**Task description**
Exactly the lines from the one containing "สนามม้านางเลิ้ง" through the end of the listing should be written out, both ends included, and nothing more.

**Extracted material**
-=-=-
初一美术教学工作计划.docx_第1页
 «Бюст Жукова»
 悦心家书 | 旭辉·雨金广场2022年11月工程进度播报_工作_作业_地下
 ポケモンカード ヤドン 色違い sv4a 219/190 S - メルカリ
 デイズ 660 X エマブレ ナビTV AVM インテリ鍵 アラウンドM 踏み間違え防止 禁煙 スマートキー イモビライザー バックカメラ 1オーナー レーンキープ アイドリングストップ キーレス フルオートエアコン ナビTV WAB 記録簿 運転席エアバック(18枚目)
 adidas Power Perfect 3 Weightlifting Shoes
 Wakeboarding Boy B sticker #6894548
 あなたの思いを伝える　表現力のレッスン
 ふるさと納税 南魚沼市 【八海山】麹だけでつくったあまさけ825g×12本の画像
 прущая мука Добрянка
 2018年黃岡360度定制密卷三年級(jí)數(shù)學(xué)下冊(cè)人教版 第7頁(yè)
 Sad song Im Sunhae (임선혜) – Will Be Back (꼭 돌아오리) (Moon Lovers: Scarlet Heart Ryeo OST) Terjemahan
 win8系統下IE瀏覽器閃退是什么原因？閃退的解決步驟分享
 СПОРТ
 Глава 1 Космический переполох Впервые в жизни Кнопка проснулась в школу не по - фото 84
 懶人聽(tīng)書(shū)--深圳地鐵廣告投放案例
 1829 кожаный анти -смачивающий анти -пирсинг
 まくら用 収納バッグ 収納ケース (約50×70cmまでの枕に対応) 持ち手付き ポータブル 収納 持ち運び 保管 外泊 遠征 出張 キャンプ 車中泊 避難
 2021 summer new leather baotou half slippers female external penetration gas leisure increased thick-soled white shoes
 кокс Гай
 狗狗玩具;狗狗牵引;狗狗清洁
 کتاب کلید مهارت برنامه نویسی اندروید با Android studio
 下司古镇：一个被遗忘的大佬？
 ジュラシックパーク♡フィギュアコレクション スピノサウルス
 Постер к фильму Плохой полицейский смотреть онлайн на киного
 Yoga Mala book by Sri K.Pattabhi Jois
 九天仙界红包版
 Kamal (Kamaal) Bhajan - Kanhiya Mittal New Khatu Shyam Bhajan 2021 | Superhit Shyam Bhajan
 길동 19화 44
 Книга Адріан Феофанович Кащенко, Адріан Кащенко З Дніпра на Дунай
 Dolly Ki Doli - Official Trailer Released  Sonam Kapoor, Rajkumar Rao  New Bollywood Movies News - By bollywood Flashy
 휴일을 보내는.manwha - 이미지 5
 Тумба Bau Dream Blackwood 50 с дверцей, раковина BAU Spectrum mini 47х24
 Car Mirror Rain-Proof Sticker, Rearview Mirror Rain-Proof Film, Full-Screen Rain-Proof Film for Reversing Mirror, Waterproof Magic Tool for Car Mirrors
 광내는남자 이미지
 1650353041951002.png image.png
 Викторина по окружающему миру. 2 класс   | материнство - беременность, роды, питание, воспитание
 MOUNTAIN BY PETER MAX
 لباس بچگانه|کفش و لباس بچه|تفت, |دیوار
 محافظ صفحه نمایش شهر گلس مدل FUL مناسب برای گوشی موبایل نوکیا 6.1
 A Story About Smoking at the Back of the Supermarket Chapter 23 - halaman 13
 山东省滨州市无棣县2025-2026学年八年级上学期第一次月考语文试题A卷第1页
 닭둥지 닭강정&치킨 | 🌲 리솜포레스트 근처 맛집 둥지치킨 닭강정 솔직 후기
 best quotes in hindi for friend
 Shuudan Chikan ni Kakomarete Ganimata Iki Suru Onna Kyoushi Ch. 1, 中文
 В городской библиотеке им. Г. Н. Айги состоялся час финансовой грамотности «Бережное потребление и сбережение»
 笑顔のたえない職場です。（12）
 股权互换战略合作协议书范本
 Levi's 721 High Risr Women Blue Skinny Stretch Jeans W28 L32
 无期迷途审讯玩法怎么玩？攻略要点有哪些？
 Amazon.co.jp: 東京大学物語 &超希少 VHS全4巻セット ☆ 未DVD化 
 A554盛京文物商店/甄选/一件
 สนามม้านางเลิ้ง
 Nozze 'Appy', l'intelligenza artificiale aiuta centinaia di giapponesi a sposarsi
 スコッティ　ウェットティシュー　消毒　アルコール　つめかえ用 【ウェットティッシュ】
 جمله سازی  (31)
-=-=-
**Answer space**
 สนามม้านางเลิ้ง
 Nozze 'Appy', l'intelligenza artificiale aiuta centinaia di giapponesi a sposarsi
 スコッティ　ウェットティシュー　消毒　アルコール　つめかえ用 【ウェットティッシュ】
 جمله سازی  (31)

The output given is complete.